When the recording of the high frequency signal REF_Data on the optical disc 10 is completed, the high frequency signal recorded on the optical disc 10 is converted into an electrical signal by the amount of light reflected by the optical pickup 11 and reproduced by the reproducing unit 12. The data RD_Data is reproduced, and the reproduced data is stored in the reproduction data storage unit 13 as a square wave composed of a mark MARK and a space.

The data stored in the reproduction data storage unit 13 is output to the system control unit 14, and the reproduction data output from the reproduction unit 12 is input to the optical disc control unit 15 for recording completion or the like.

At this time, the system control unit 14 finds a constant pattern in which a length shift occurs from the reproduction data, and controls the recording unit 16 and the optical disc control unit 15 according to the degree in which the pattern appears.

To this end, the lengths of the marks to be compared are selected from the signals in Tables 1 and 2 of the high frequency signal as shown in FIG. 3, and the lengths of the previous space and the subsequent space of the marks are respectively determined.
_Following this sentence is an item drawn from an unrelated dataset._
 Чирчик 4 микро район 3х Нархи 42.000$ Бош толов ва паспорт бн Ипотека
That is, as shown in (a) and (b) of FIG. 5, Table 1 is a rising edge (RE) table and stores the relationship between the length of the mark and the length of the previous space, and Table 2 is the falling edge (FE) table. Since the relationship between the length of the mark and the length of the space afterwards is stored, the length of the mark and the space to be compared is determined in Table 1,2 (table1, table2).
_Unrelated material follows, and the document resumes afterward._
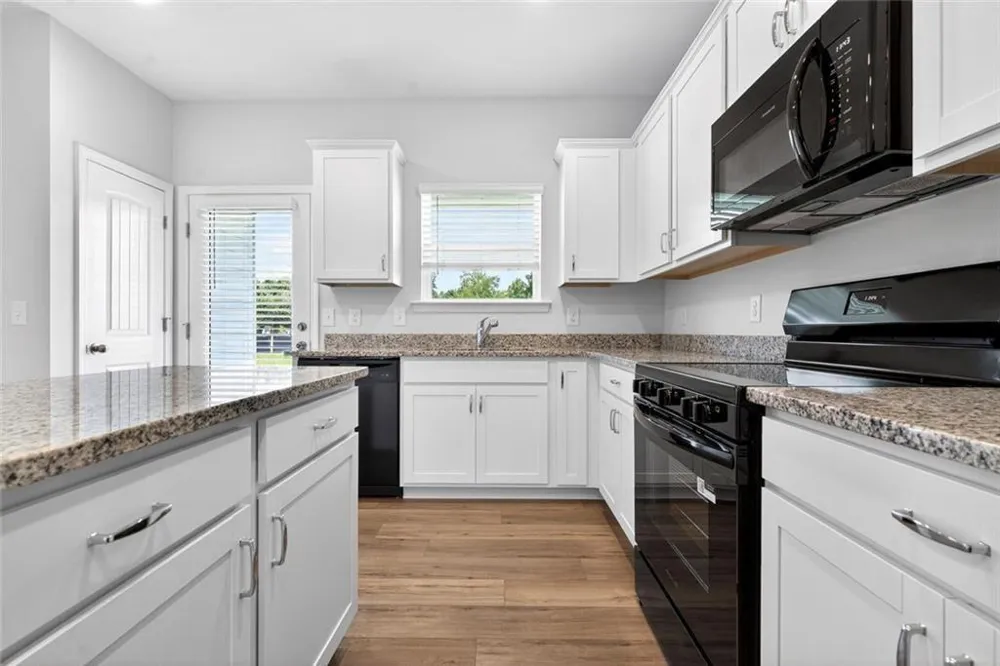 105 Meadowlark Lane Cartersville, GA 30120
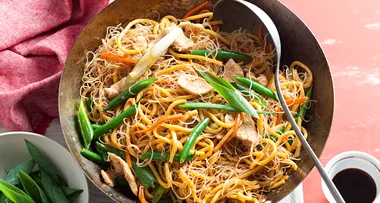 Stir-fried noodles with chicken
The marks to be compared are compared with the playback data, respectively, and then detected an error pattern that may occur at the edges of the playback data, that is, the rising edge (RE) and the falling edge (FE). The recording power and the recording strategy of the recording unit 16 and the optical disc controller 15 are controlled according to the frequency of the same error pattern among the above error patterns.
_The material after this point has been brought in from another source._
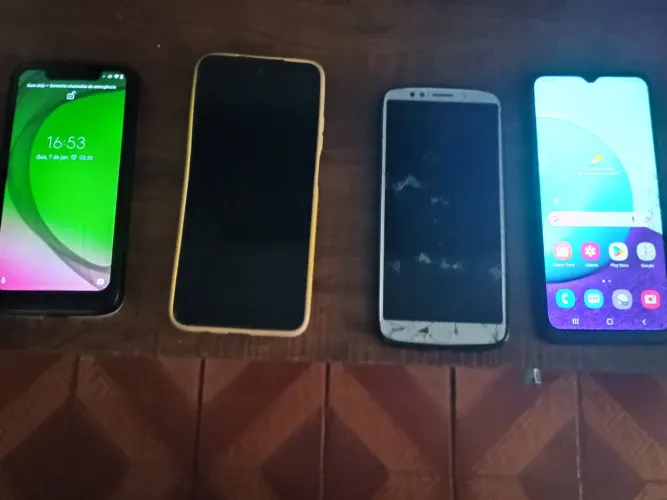 4 celular para concerto ou peças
To this end, the optical recording method according to the present invention will be described in detail with reference to the embodiment shown in Fig. 2 (2a, 2b).

First, the predetermined high frequency signal REF_Data is recorded and read, and the read data RD_Data is read from the reproduction data storage unit 13 (S11 and S12).

After the step S12, as shown in Fig. 3, the length of the mark to be compared (CURMARK-ｘ), the length of the previous space of the mark (PRESPACE-ｐ) and the length of the subsequent space (POSTSPACE-ｑ), the table of the high frequency signal (REF_Data) Determined from 1,2 respectively (S13). Here, ｘ, ｐ, ｑ means the length of the mark and space.

Here, in the DVD-RAM format, an error detection table of rising and falling edges (RE; Falling Edge) as shown in Tables 5 and 6 shown in FIG. And (c) and (d) of FIG. 5 are tables 3 and 4 to be updated for updating (Update write strategy Tables 1 and 2).

After the step S13, the high frequency signal and the reproduction data are compared with each other to detect an error pattern generated at the mark edge (S14). That is, if (a) of FIG. 4 is a mark to be recorded, an error pattern that may be generated from this mark may be represented by data such as (b) to (g).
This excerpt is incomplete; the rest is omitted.